Il Financial Times, che fa più o meno da voce pubblica delle élite finanziarie della Gran Bretagna, ha pubblicato il 5 maggio 2015 un editoriale. Il titolo era: “Dopo una famosa vittoria, l’opportunità di ripristinare il Regno Unito”. La ‘famosa vittoria’ è naturalmente l’inattesa maggioranza stretta ma decisiva guadagnata da David Cameron e dal Partito Conservatore alle recenti elezioni britanniche. Il sottotitolo dell’editoriale del giornale dice: “Il compito di David Cameron è salvare l’unione e restare in Europa”.

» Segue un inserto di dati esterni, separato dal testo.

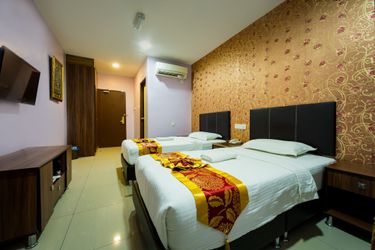 Ab Inn Hotel Johor Bahru: Photo 
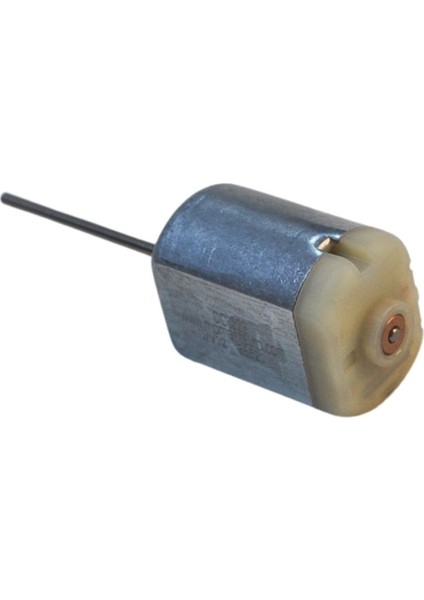Araba Kapı Kilit Motoru 12V DEVIR:12.660 Rpm Uzunluk: 70 mm (Çeltiksiz)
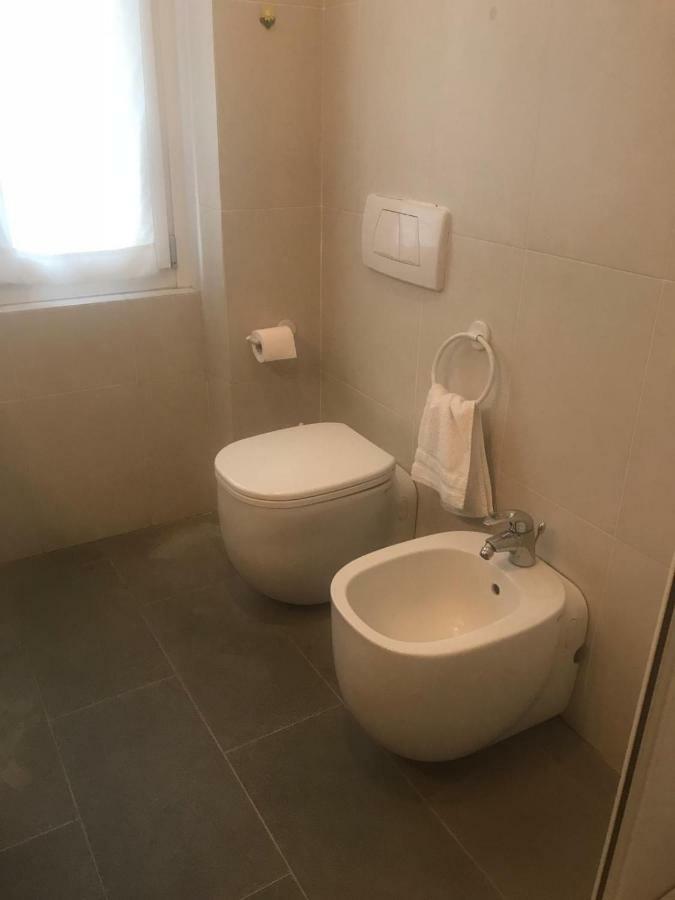 Casa Valparaiso Chiavari Eksteriør bilde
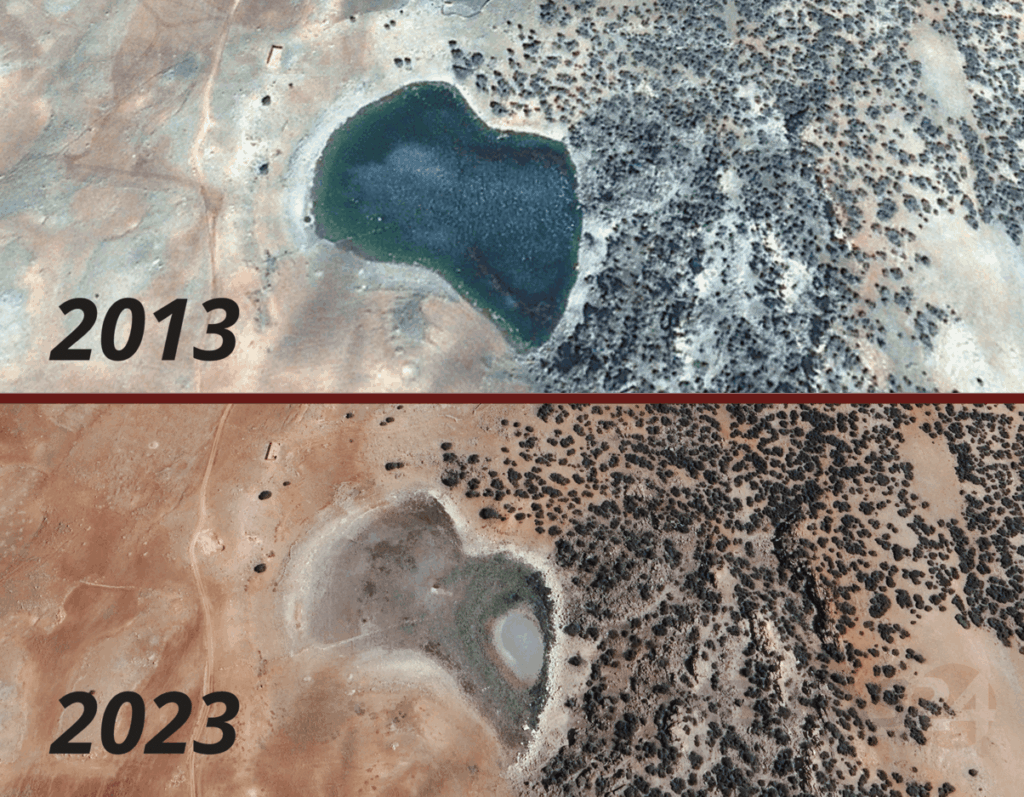 Reportage. Indices de gaz dans la région de Timedghas (province de Khénifra)
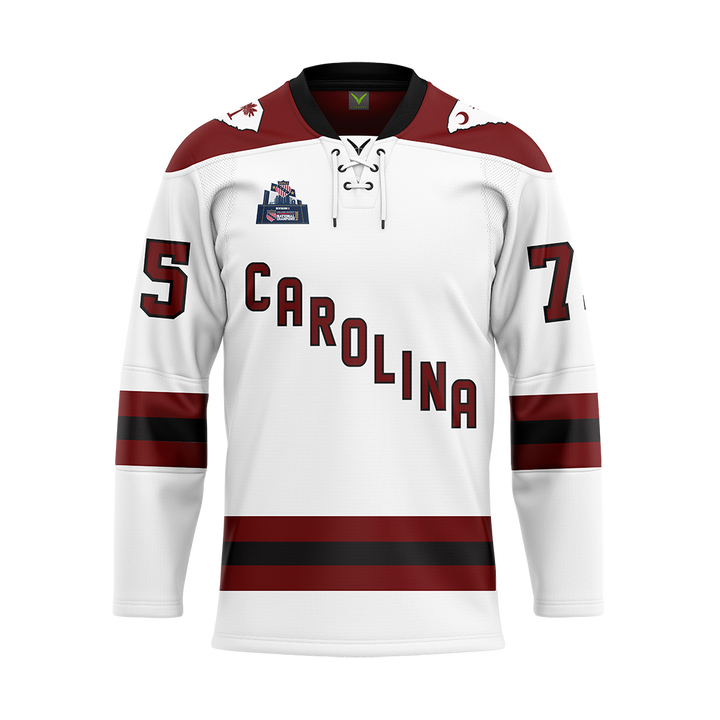 University Of South Carolina Custom Authentic Replica Jersey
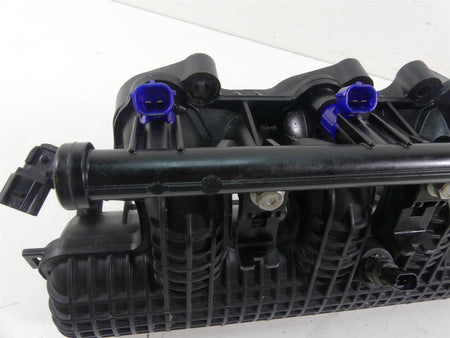 2018 Yamaha Waverunner VX 1800 Cruiser Intake Manifold & Injectors 6S5-13761-10- {{ shop.shopifyCountryName }} - Mototech271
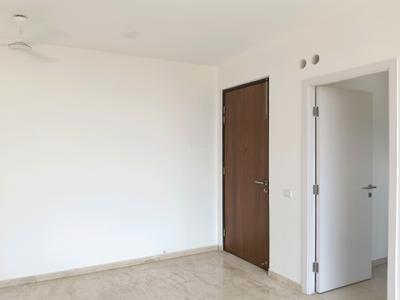 Living Room Image of 1450 Sq.ft 3 BHK Apartment / Flat for rent in ACME Ozone Phase 2, Thane West Thane for Rs. 52000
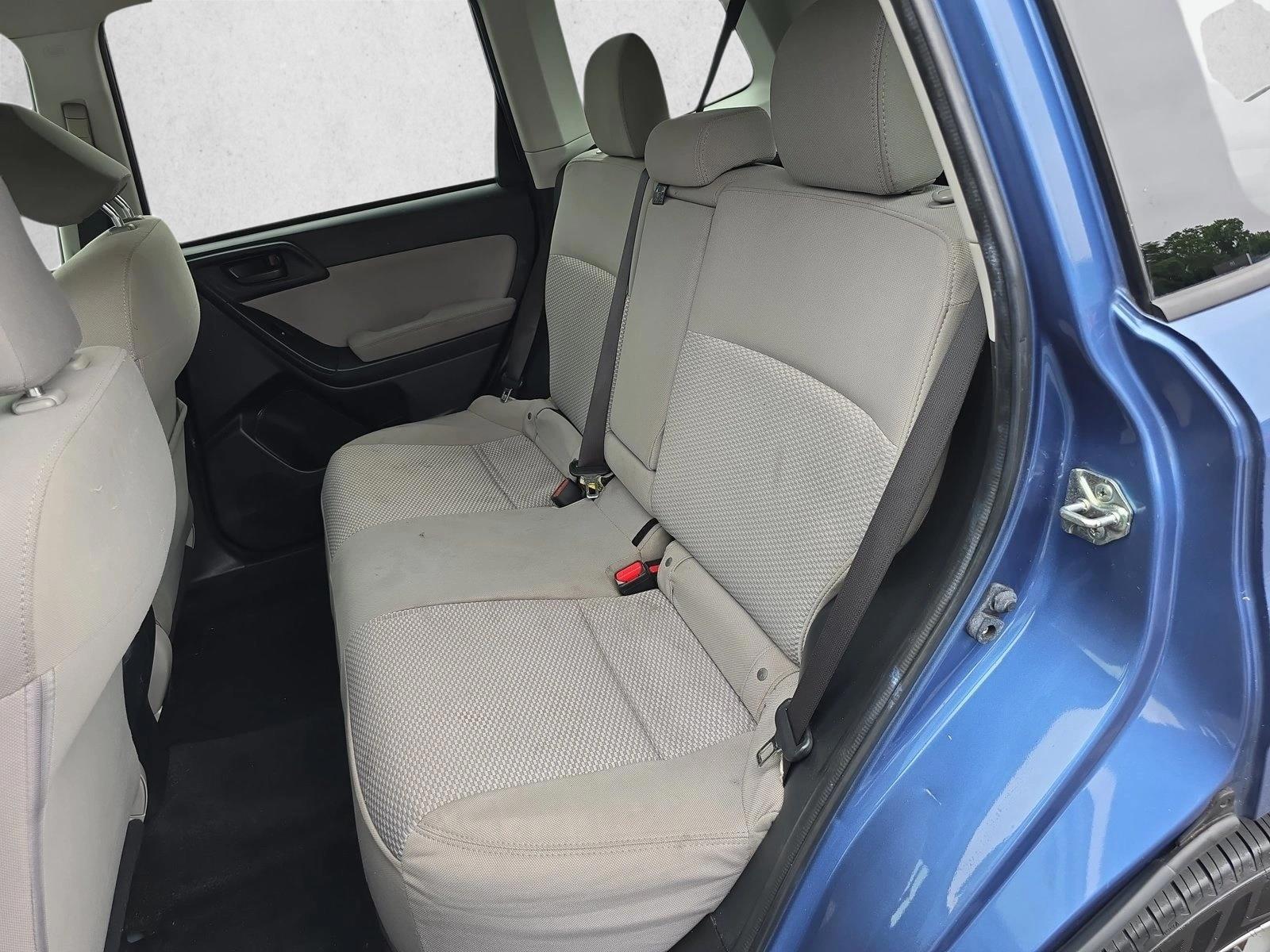 2015 Subaru Forester i Premium - Photo 13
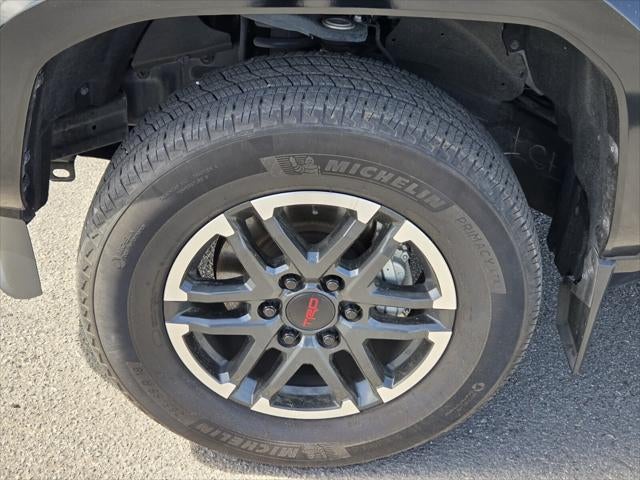 2024 Toyota TACOMA TRD SPORT TRD Sport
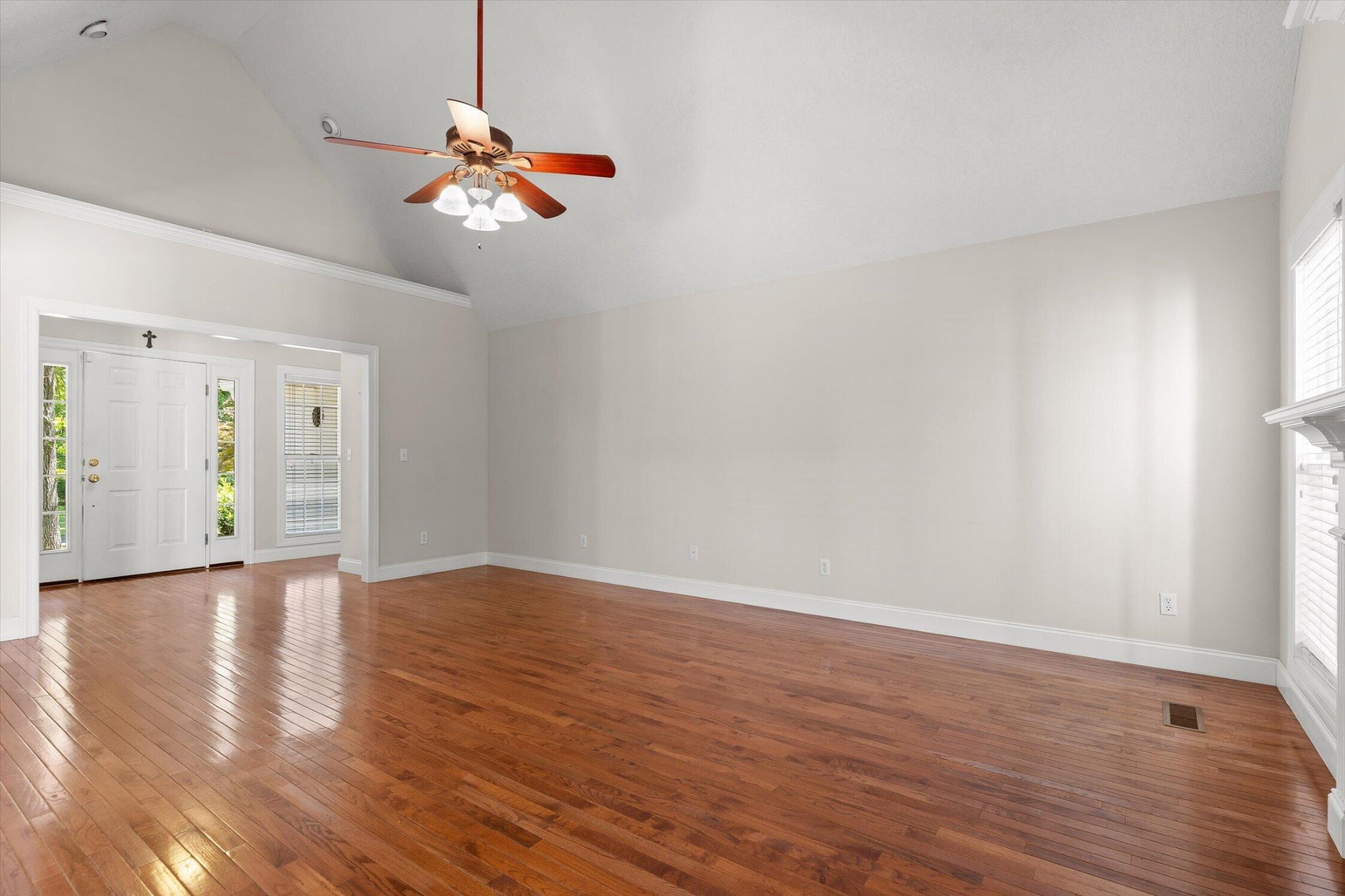 381 Big Cedar Drive Dunlap TN 37327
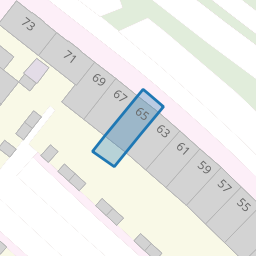 Perceel HDW00-A-4965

Quello che è incerto è se Cameron sia in grado di svolgere il compito. Se lo è, allora allungherà il potere delle istituzioni finanziarie della Gran Bretagna di un altro decennio, o giù di lì. Ma molti, in Gran Bretagna e altrove, hanno altre priorità. Salvare l’unione significa in qualche modo impedire che il Partito Nazionale Scozzese (SNP) consegua il suo obiettivo annunciato di piena sovranità della Scozia. Anche il SNP ha fatto bene, molto bene, in queste elezioni. Ha conquistato 56 dei 59 seggi della Scozia al Parlamento Britannico. E’ difficile immaginare un avallo più sonoro dell’opinione pubblica, specialmente se si considera che il SNP aveva conquistato solo sei seggi alle elezioni precedenti.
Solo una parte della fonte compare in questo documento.